January Global Temperature Change*

January Rankings:  1880 - 2020 Temperature Record
Comparisons with 20th Century Global Average Surface Temperature
(Temperatures are not compared here with a pre-industrial baseline)

Rank

Year

Change in
Temperature*

Warmest January
2020
+1.14°C   +2.05°F
Coolest January
1893
-0.72°C   -1.30°F
    Data retrieved:
February 16, 2020

*Surface temperature changes relative to 20th Century global average (1901 - 2000)
Source data  NOAA-NCEI State of the Climate: Global Analysis  [Web + data download]

"The global land and ocean surface temperature for January 2020 was the highest in the 141-year record, with a temperature departure from average of 1.14°C (2.05°F) above the 20th century average. This value was only 0.02°C (0.04°F) higher than the now second highest January temperature departure from average set in 2016. The four warmest Januaries on record have occurred since 2016, while the 10 warmest Januaries have occurred since 2002. The only Januaries with a global land and ocean surface temperature departure from average above 1.0°C (1.8°F) occurred in 2016 and 2019.

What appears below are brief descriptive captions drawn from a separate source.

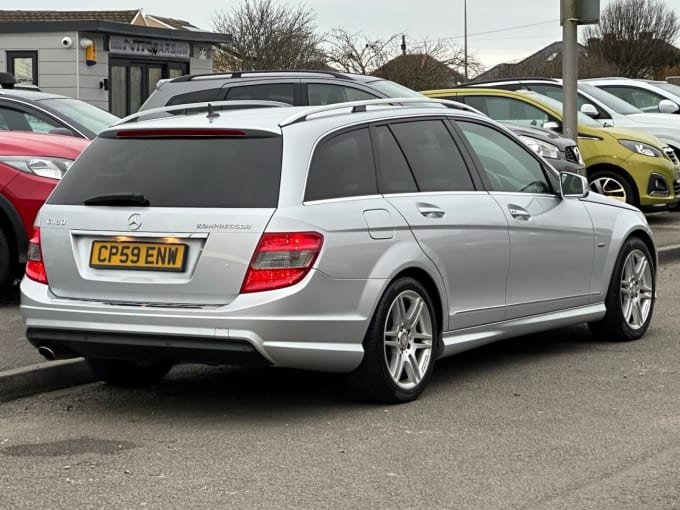 2025 Mercedes-benz C-class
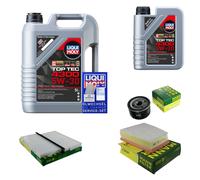 MANN-FILTER Controllo Set 6L Liqui Moly Top Tec 4300 5W-30 Per Renault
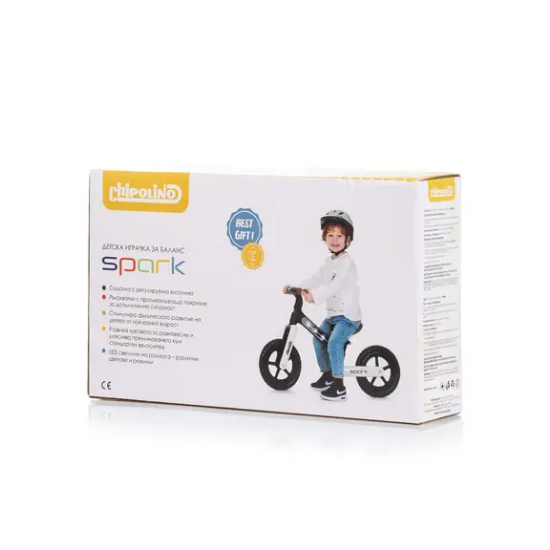 Slika Bicikl bez pedala Spark Zelena Chipolino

The January global land and surface temperature departure was also the fourth highest monthly temperature departure in the 1681-month record. Only March 2016, February 2016, and December 2015 had a greater temperature departure; all months that had a strong warm phase El Niño / Southern Oscillation (ENSO) present in the tropical Pacific Ocean. ENSO, which is a periodic fluctuation in sea surface temperature and air pressure of the overlying atmosphere across the tropical Pacific Ocean, can influence global temperatures. A warm phase ENSO, also known as El Niño, tends to have a warming influence on global temperatures, while the cold phase (La Niña) tends to have a cooling influence.

However, the January 2020 global land and ocean surface temperature departure from average was the highest for any month during ENSO neutral conditions, meaning El Niño or La Niña was not present in the tropical Pacific Ocean. March 2017 (+1.08°C / +1.94°F), December 2019 (+1.05°C / +1.89°F), and February 2017 (+1.02°C / +1.84°F) were the other months where the global land and ocean surface temperature departure from average was above 1.0°C (1.8°F) during ENSO neutral conditions in the tropical Pacific Ocean."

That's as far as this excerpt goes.